A needle in a needlestack – exploiting functional inhomogeneity as a tool for optimized nano-optoelectronics

Date: 4th July 2022
Time: 2:00 pm - 3:30 pm
Location: Online, AEST

This is part of a double webinar featuring Prof. Hannah Joyce

Semiconductor nanomaterials – where one or more dimensions lie in the sub-micron regime – are now widely studied as a route to create novel or enhanced optoelectronic materials. From colloidal quantum dots to VLS-grown nanowires, these materials provide opportunities through controlled light-matter coupling and high surface-area-to-volume ratio. Functional nanomaterials combine multiple features to meet specific applications in photovoltaics, light emission, lasing or sensing by exploiting this geometry. A particular opportunity is provided by bottom-up growth of nanomaterials, generating huge numbers of near-identical nanoscale objects through thermodynamically driven processes.

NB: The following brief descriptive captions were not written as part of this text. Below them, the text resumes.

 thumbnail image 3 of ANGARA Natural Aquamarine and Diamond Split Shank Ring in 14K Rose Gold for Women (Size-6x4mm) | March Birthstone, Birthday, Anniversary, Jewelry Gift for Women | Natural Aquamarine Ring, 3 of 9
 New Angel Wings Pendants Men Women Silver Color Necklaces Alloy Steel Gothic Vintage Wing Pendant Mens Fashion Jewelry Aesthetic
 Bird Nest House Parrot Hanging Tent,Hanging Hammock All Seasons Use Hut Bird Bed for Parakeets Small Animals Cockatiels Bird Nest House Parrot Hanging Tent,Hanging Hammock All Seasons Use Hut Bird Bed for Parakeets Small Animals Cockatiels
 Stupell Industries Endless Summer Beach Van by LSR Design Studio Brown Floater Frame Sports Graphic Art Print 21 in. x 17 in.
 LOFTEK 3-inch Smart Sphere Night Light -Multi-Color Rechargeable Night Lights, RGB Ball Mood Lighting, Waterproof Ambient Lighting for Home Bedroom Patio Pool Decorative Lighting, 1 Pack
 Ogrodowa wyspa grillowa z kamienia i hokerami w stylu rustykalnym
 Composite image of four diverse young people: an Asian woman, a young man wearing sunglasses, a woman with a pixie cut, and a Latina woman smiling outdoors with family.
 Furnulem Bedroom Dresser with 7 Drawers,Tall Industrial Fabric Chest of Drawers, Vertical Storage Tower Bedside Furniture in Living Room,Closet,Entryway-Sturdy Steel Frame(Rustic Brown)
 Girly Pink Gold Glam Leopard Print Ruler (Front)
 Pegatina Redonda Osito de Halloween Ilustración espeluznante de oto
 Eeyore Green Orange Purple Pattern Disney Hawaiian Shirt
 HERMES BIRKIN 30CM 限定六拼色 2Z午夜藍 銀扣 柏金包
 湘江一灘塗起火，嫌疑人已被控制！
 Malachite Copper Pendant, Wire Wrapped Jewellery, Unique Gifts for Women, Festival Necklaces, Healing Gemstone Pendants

However, growth at the nanoscale is vulnerable to inhomogeneity. Heterogeneity in morphology (shape), geometry (size), crystal structure (polytypism), doping, strain, and defect density are inherent to nanofabrication, and these may have a large and non-linear impact on functional performance (such as IQE or lasing threshold). I will describe a high-throughput methodology to study inhomogeneity in nanowires, and its use to both optimize and exploit variability. By studying large numbers of single wires (10k-100k), recombination routes, carrier mobility, doping and even sub-picosecond dynamics can be extracted using simple photoluminescence techniques.

About the speaker

Patrick Parkinson is a senior lecturer (Associate Professor) in the Department of Physics and Astronomy at the University of Manchester. Since 2020 he has led a UKRI-funded program on “Big-data for nanoelectronics”, combining high-throughput techniques with functional nanomaterials to build statistically rigorous models. This project includes academic and industrial partners in the UK, China, Australia, Germany, Israel and Sweden. He has previously worked in postdoctoral roles at the University of Oxford and the Australian National University, in Physics, Chemistry and Electronic Materials departments. He completed his PhD in Organic-Inorganic Optoelectronic Nanomaterials with Prof. Laura Herz at the University of Oxford in 2009.